Documentaries are hot – and people are willing to do whatever it takes to see them, as a colleague of mine experienced at the IDFA festival in Amsterdam last November. Ten minutes after receiving her guest pass and festival catalogue, both were stolen! (Probably by some documentary addict.)

As always, IDFA is a cinematic treat and a window on the world. The programme included some 200 docs and reflected the usual concern for representing films on or from distant corners of the world, this year with a special focus on Iranian cinema. I went for a combination of eye-opening experiences and emotions and was cinematically fulfilled through a variety of documentaries. Quite a number of films expressed a distinctly epic quality (although all films are essentially epic) by the use of voiceover narration. Voiceover is a real challenge, and I saw several examples of films that suffered from bad voiceovers (but fortunately examples of the opposite as well).

Authentic voice

The Amazon rain forest in Brazil was the first stop on my cinematic voyage, and here I met The Charcoal People (Brazil). Director Nigel Noble has made a photographic poem and an appealing documentary on a doomed people whose existence depends on the forest. A man lifts heavy trunks of wood into a kiln, a circular oven where wood transforms into coal in a slow burning process. One does not immediately link the creaky voiceover of an old man telling about his life as a coal worker with the strong body on the screen. They are one and the same however, and this 76-year old has been working with charcoal his whole life.

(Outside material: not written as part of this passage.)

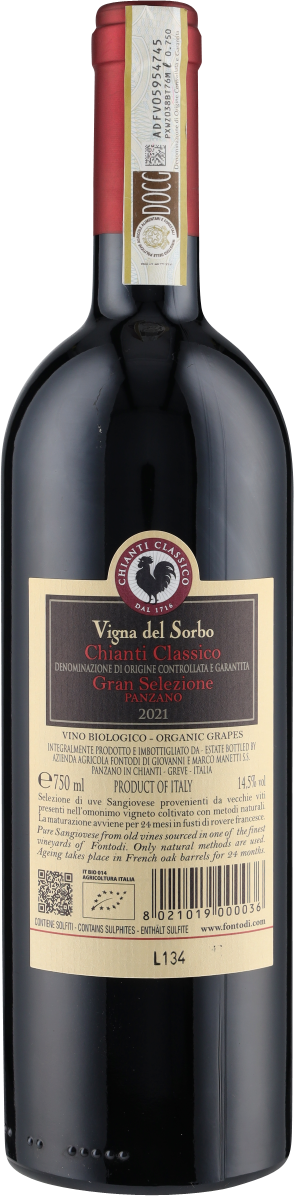 Chianti Classico Vigna del Sorbo Gran Selezione DOCG 2021 Fontodi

In spite of the stunning imagery – dark bodies working in the red glow of the fire and the smoke with great music by Joaõ Nabuco – the film does not indulge in aesthetic sentimentality. In classic documentary style, the film portrays the ‘carvoeros’ in their work and family situations. The sad fact is that the coal workers will soon be working at the limits of destruction, since the Amazon forest is dramatically diminishing due to overexploitation. Since most charcoal workers are illiterate, they are excluded from jobs that require an education. Their children’s prospects are no better, if there’s no money for education. Still, when one of the charcoal workers, a father of three, asks his eldest son what he wants to be when he grows up, the son answers, “A charcoal worker.” The film ends with a 12-year-old boy building an oven with his bare hands. His brown body is half the size of the old man’s we saw in the beginning, and one wonders whether the boy will last till he’s 76.

In Kindergarten (Russia) by Victor Kossakovsky, the children’s lives are more fortunate, yet not free from sorrows. The film depicts love between children, and the filmmaker succeeds in capturing some precious and delightful moments of their budding affection. Kossakovsky also made Pavel and Lyalya (screened at IDFA in 1998) about the love of an elderly couple. Kindergarten opens with 7-year old Sasha telling us that he is going to get married today. He has chosen Katya to be his bride and she loves him very deeply. Ten minutes later however, the wedding is called off. When Katya is dismissed by Sasha, she can’t hold back her tears, but claims, “I’m not crying, the tears are just dropping”. The rest of the day brings dramatic scenes of jealousy, break-ups, reconciliation, and tragic last farewells.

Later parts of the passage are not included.